The general public was unnerved. Support for the government tumbled. In an opinion survey, a majority voiced doubts about the advisability of the bank bail-out programme; a large minority thought it had made matters worse. Everybody was horrified by the revelation that executives in failed banks had paid themselves bonuses financed by the taxpayer.
It’s politicians who are taking most blame.
In Iceland, in somewhat similar circumstances, the government had eventually fallen. The scale of the collapse, starting in the financial sector and spreading later to the rest of the economy, had been overwhelming. Ministers were blamed for the problem and, though they resisted to the last, had finally to submit to the judgment of the people.
Gordon Brown must be worried.
Might the same fate befall Gordon Brown’s administration? Yes, but probably not in the immediate future. The Opposition sees no political advantage in ousting the incumbents in the short term. Better that they be associated for as long as possible with economics failure. When the alternates finally assume office, a year or so hence, they’ll look all the better by comparison.
The IMF might cheer him up, though.
What, meanwhile, was anybody to make of the IMF’s latest musings? Its forecast that Britain’s recession would be the “worst in the west” was splashed over the headlines. Doubtless the revelation had a temporarily negative impact on sentiment, but, given the Fund’s track record in these matters, it might be thought more a matter for comfort than distress.
The Fund is a useful counter-indicator.
Like most forecasting organisations, the Fund waits until something has happened before saying it’s going to. Three months ago, it barely foresaw a problem; twelve months ago, it was fretting not about recession, but inflation! Hopeless. Another taxpayer financed waste of space. Let’s hope that in the more difficult times that lie ahead, its budget will be eliminated.
Are equities stabilising?
Securities markets are very volatile still, but generally trendless. Is it possible that the base for a rally is now being built? Yes. Although many companies will fail and others post disappointing results, the chances are that most will generate enough income to justify current share prices. The safety of the government bond might gradually be surrendered therefore for the reward of the equity.
Shades of the thirties?
It’s what happened in the thirties. Though there was no significant recovery in the economy, the securities markets did improve. The collapse in equity valuations had been fast and furious, but it ended early in 1933. Thereafter, real returns (boosted by generous dividends and negative inflation) rose impressively.
What’s to do about pensions?
Something of the same sort is going to be necessary to bail out pension schemes. Their current deficits are huge. Raising the pensionable age, especially for the public sector, will help. So will eliminating the DB model. But neither will be sufficient. Nor will it be sensible to ask workers, their incomes squeezed severely, to increase savings.

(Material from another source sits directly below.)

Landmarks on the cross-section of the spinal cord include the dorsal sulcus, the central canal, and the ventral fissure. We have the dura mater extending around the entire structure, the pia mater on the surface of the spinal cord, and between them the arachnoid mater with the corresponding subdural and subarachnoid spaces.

Rising corporate profits will help.
Instead, it has to be higher investment income that, almost unseen, deals with the pensions black hole. If corporate profitability rises sufficiently, if dividends grow strongly in real terms, it’s possible that, five or ten years hence, so long as the regulators have contained their enthusiasm for expensive nonsenses, there may be light at the end of the tunnel.
The “world order” is in flux.
Over this period, the world’s political and financial “who’s who” is going to be changed beyond recognition. No elected government will survive the verdict of the people. And quite a few unelected ones will also fall by the wayside. Bush has gone already; others will shortly follow.
The old passing the baton to the young.
The old investment banks have all but disappeared—no longer trusted. They’ll be replaced by names not yet dreamt of. There’s a similar fate awaiting most commercial banks. They’re all tarnished in the public eye: some thought to be merely incompetent; others duplicitous. They’ll suffer a slow death, strangled by public intervention.
But who are the latter?
Where will the world’s new centre of gravity lie? Probably in Asia. But not necessarily. In periods of austerity, political ructions are sometimes sufficient to disturb what had previously been thought to be economics imperatives!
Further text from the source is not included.